[...] J’ai embrassé mon mari pour la dernière fois.
● L'auteure, le livre (432 pages, 2023, 2021 en VO) :
Inga Vesper a vu du pays : elle est d'origine allemande, elle a travaillé comme journaliste en Afrique et elle a élu domicile en Écosse !
Pour son premier roman, Un long, si long après-midi, elle nous emmène dans la banlieue bourgeoise de Los Angeles, à la fin des années 50 : une ambiance au délicieux parfum désuet.
On se méfiait un peu d'un bouquin qui fait le buzz, emporté par un incipit ravageur : [Hier, j’ai embrassé mon mari pour la dernière fois. Il ne le sait pas, bien sûr. Pas encore.] mais le roman s'avère finalement une très bonne surprise.
● Le contexte :
Eisenhower est président, la guerre de Corée est terminée, l'esclavage a été aboli mais le racisme et la ségrégation sont toujours les fondements de la société américaine.
[...] Je me range à son avis, bien sûr. [...] Les Noirs n’ont aucun talent pour faire pousser les choses, ce qui explique qu’ils n’aient pas de jardinières et que leurs bébés meurent souvent.
[...] Une légère expression de rage de dents si fréquente chez les Blancs quand ils regardent un Noir.
Nous sommes dans les années 50, dans un lotissement chic de Santa Monica près de L.A. où les femmes blanches s'ennuient et les femmes noires viennent faire le ménage. Un quartier où les femmes blanches souffrent de dépression et les noires de préjugés.
[...] Les maisons spacieuses, les barbecues, les maris qui travaillent et leurs femmes qui restent à la maison.[...] Personne ne s’intéresse à leurs désirs ou à leurs rêves. Tout le monde se fiche de leurs talents ou de leurs opinions.[...] – Saviez-vous que toutes les femmes qui sont ici prennent des drogues ? [...]Elles souffrent de terribles maladies. Anxiété, dépression, crises de panique, hystérie…
C'est aussi une époque où les femmes (quelle que soit leur couleur de peau) qui ont appris à se débrouiller seules quand leurs hommes sont partis en guerre, revendiquent désormais une place dans leur famille et leur vie qui ne se cantonne pas uniquement à la cuisine.

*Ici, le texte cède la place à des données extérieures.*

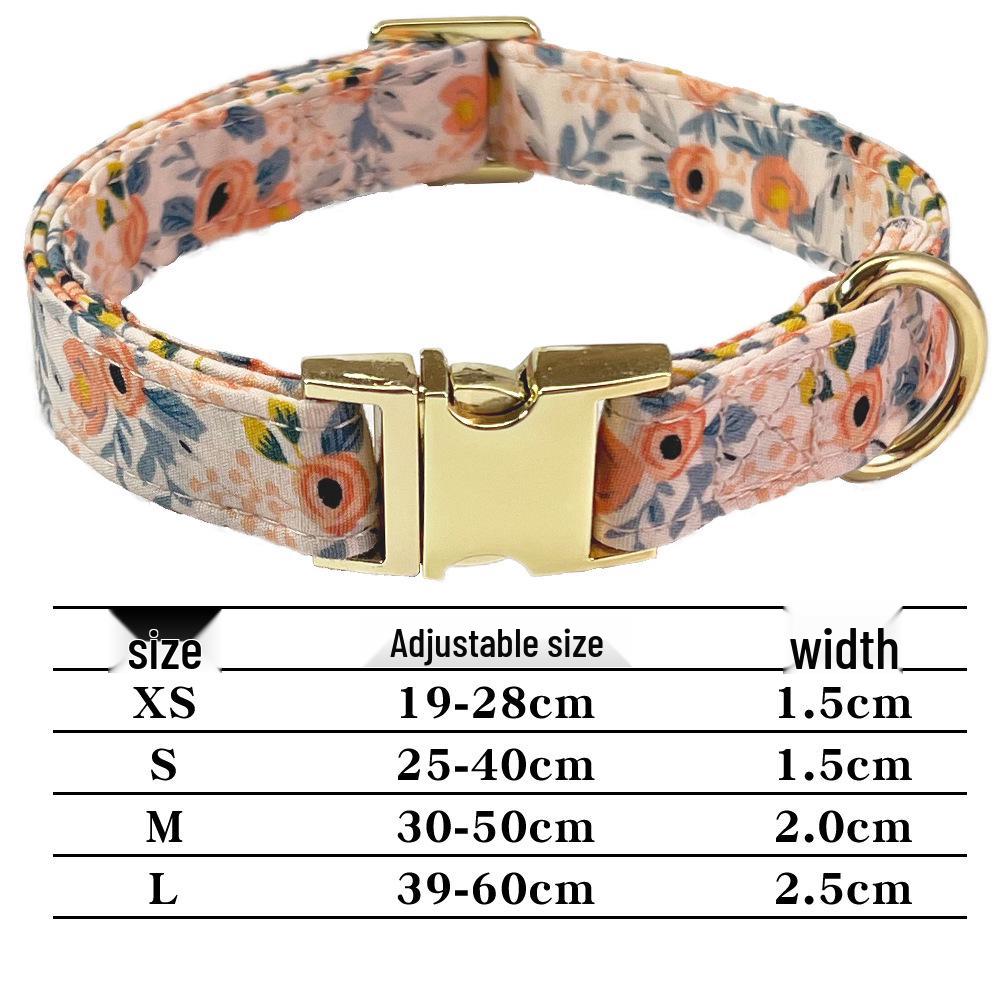 

Гравированный цветочный ошейник и поводок для собак среднего/крупного размера XS (19-28CM)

[...] – Oh, et puis il y a le Comité des Femmes pour le Progrès. Vous avez dû en entendre parler. [...]– Alors, demande-t-il, de quoi est-ce que vous parlez avec ces dames ?– Oh, de tout. Du rôle des femmes à la maison, de recettes, des enfants, de nos maris…[...] – Tu dis que nous autres, on est toujours enchaînés. Alors ne commence pas à m’enchaîner, toi aussi.
● On aime :
❤️ On aime la peinture sociale de ces années 50 aux États-Unis. La position des bourgeoises blanches cantonnées à la cuisine, la position des noires victimes d'un racisme profondément ancré, tout cela est particulièrement bien rendu.
❤️ On aime ce roman résolument féministe et anti-raciste, écrit à l'heure des mouvements MeToo et BlackLivesMatter.
Laissons la parole à l'auteure dans sa postface :
[...] Un long, si long après-midi est un livre féministe. Pendant que je l’écrivais, j’ai été frappée par le nombre de batailles menées par Joyce et Ruby qui restent d’actualité. Cela me bouleverse toujours. Mais voir que nous avons progressé me remplit aussi d’espoir.
● L'intrigue :
Joyce fait partie de ces épouses bourgeoises qui se meurent d'ennui dans leurs belles cuisines de leurs belles maisons.
Ruby fait partie de ces femmes noires qui font des heures de bus pour venir faire le ménage dans les belles maisons des beaux quartiers.
Lorsque Ruby arrive cet après-midi pour prendre son service, elle découvre les deux fillettes en pleurs et une flaque de sang dans la belle cuisine de la belle maison. Joyce serait elle partie sans un mot ? A-t-elle été enlevée, tuée ?
C'est l'inspecteur Michael Blanke, Mick, qui est chargé de l'enquête.
[...] Les enfants ont été confiés à la voisine et la bonne a été arrêtée. Arrêtée ?Pourquoi ? Il jette un œil à son identité. Ruby Wright, vingt-deux ans, domiciliée au 1467 Trebeck Row, South Central. Noire. Ah. C’est pour ça.
Dans cette banlieue chic de Santa Monica, chacun cache bien son jeu et bien des mystères.
L'inspecteur Mick et Ruby auront bien du mal à démêler le vrai du faux dans un dénouement un peu théâtral.
Pour celles et ceux qui aiment les géraniums.